The Weather Eye was a trade name for a Nash Motors-designed fresh-air system for automobile passenger compartment heating, cooling, and ventilating. The Nash "All-Weather Eye" was the first automobile air conditioning system for the mass market. The use of the Weather Eye name for automobile passenger heating and air conditioning systems continued in American Motors (AMC) vehicles.

The design principles of the Nash Weather Eye system are now in use by nearly every motor vehicle.

In 1938, Nash Motors developed the first automobile heater warmed by hot engine cooling water, and using fresh air. This "Conditioned Air System" is characterized by a cowl-mounted outside air receiver that passes fresh air through a heater core utilizing hot engine coolant for a heat source. The Nash system also pioneered the use of slight pressurization within the passenger compartment to eliminate the infiltration of cold outside air during winter use. This was a fan-boosted filtered ventilation and heating for the passengers, not the modern meaning of an "air conditioning" system. Nash was also the first automobile to make use of a disposable filter in the air-intake to clean incoming air.

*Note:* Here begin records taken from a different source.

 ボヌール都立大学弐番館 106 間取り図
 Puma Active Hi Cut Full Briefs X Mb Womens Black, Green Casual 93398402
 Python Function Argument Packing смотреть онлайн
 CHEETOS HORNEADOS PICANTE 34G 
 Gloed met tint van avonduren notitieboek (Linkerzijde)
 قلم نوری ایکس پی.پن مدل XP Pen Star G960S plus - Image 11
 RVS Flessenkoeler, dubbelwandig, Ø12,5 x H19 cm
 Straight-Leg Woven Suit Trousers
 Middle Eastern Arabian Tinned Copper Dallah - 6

The Nash system was a major advancement compared to what was used up to that time: heating by recirculating the air inside the car.

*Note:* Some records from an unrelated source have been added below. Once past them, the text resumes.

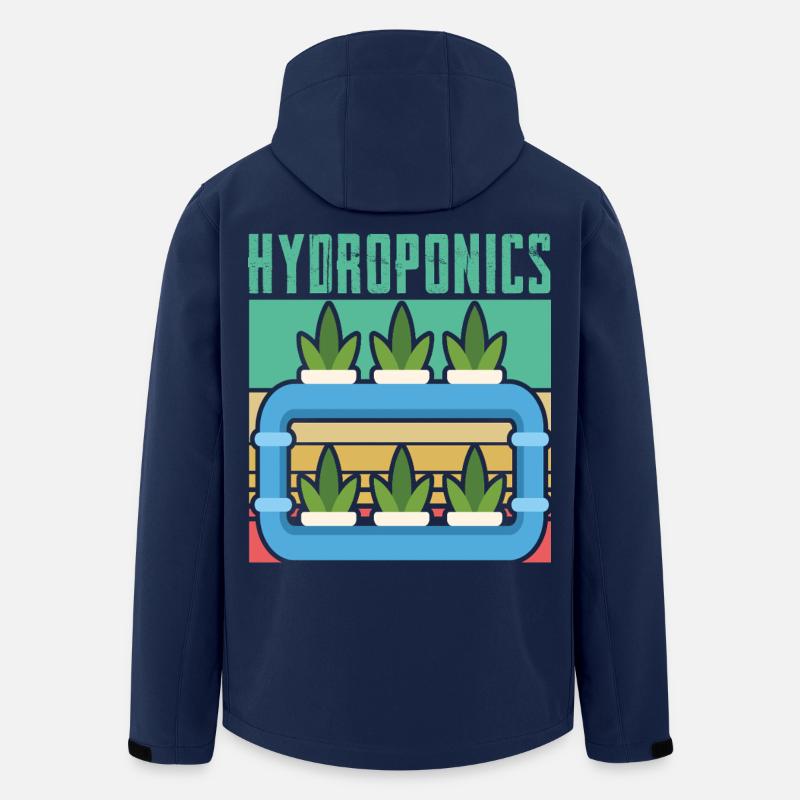 Hydroponik - Recycelte Männer Softshell-Jacke von Stanley/Stella - Navy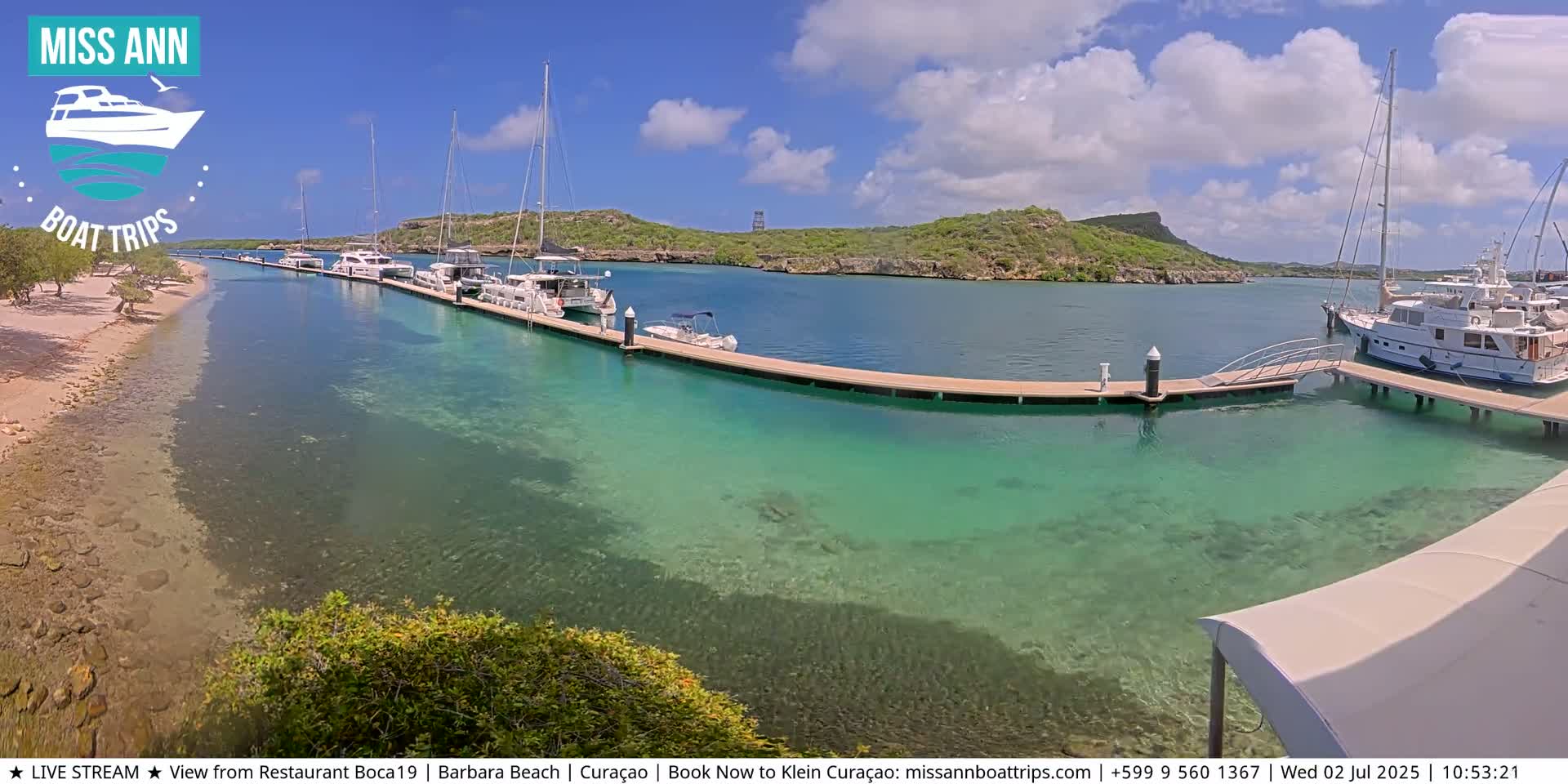 Carribean, Curacao, Santa Barbara Beach Boat Trips Live Cam - Curacao, Curaçao, Netherland
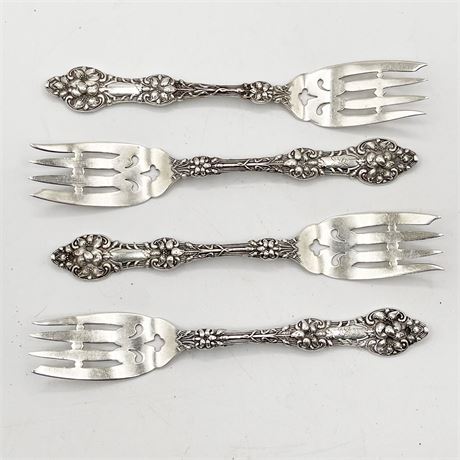 Whiting Sterling 1902 Lily Salad Forks
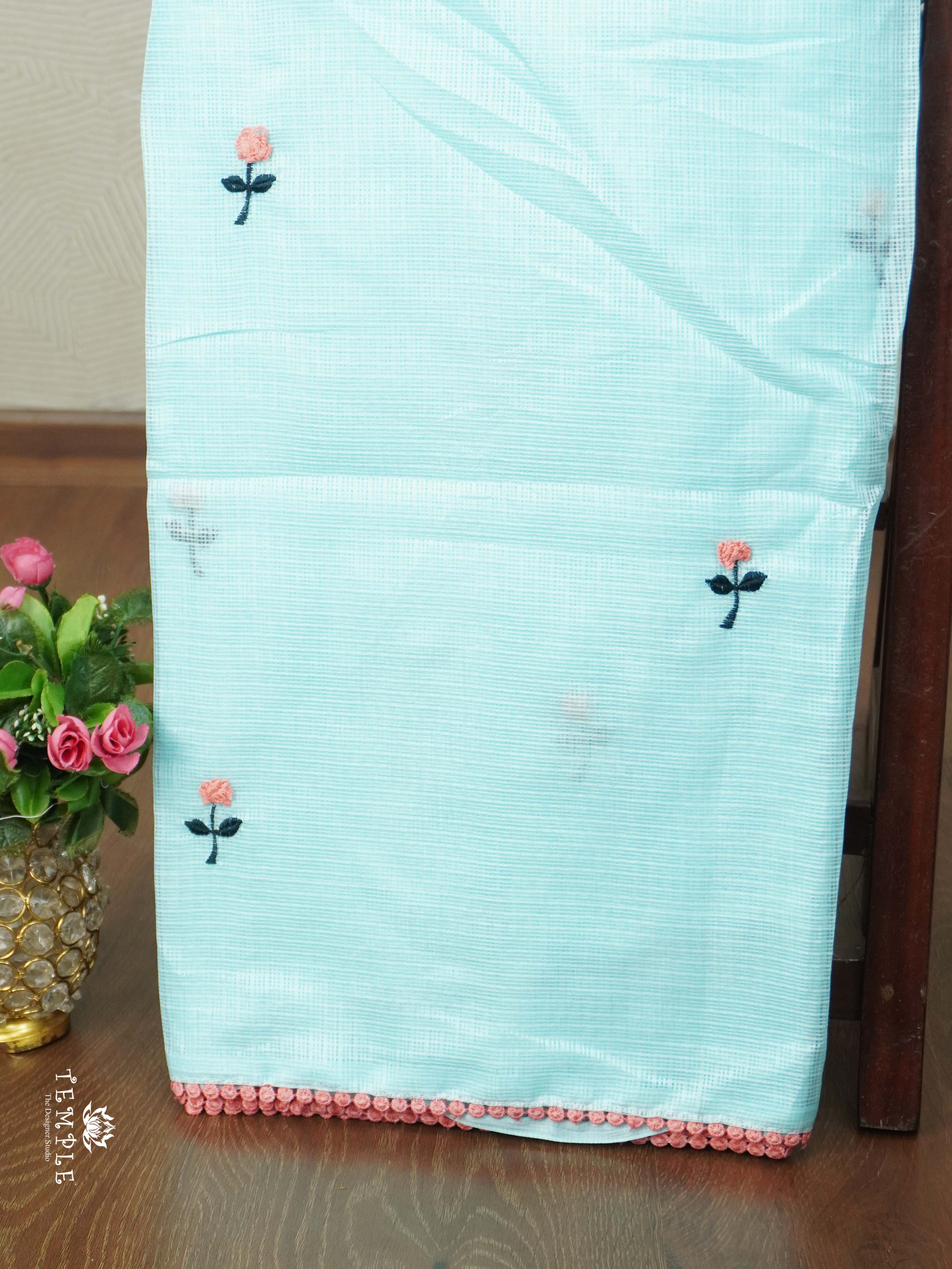Kota Saree With Lace Border | TTDS2641
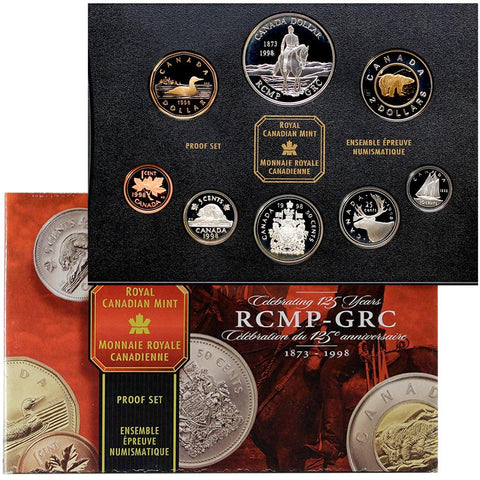 1998 Canada 8-Coin RCMP-GRC 125th Anniversary Proof Set - Gem Proof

A concurrent development, the Evanair-Conditioner was offered by Hupmobile on their 1938 and 1939 model cars.

In 1939, Nash added a thermostat to its system, making it the first thermostatic automobile climate control system. The Weather Eye "was the first truly good heating and ventilating system." Additionally, defoggers (defrosters) were incorporated with the introduction of the 3900 series cars that year. The Nash HVAC system was designed by Nils Eric Wahlberg and it continues to be the basis for use in modern automobiles. Nash included the first automatic temperature control for the airside of the heating system with the thermostat sensing the temperatures of the incoming outside air, the heater's discharge, and interior of the car; so that a change in any of these three air temperatures resulted an automatic adjustment to maintain passenger comfort. Nash's Conditioned Air System heater was now marketed as the "Weather Eye" and consumer sales literature explained that the thermostat's "mechanical eye" watched the weather, hence the name.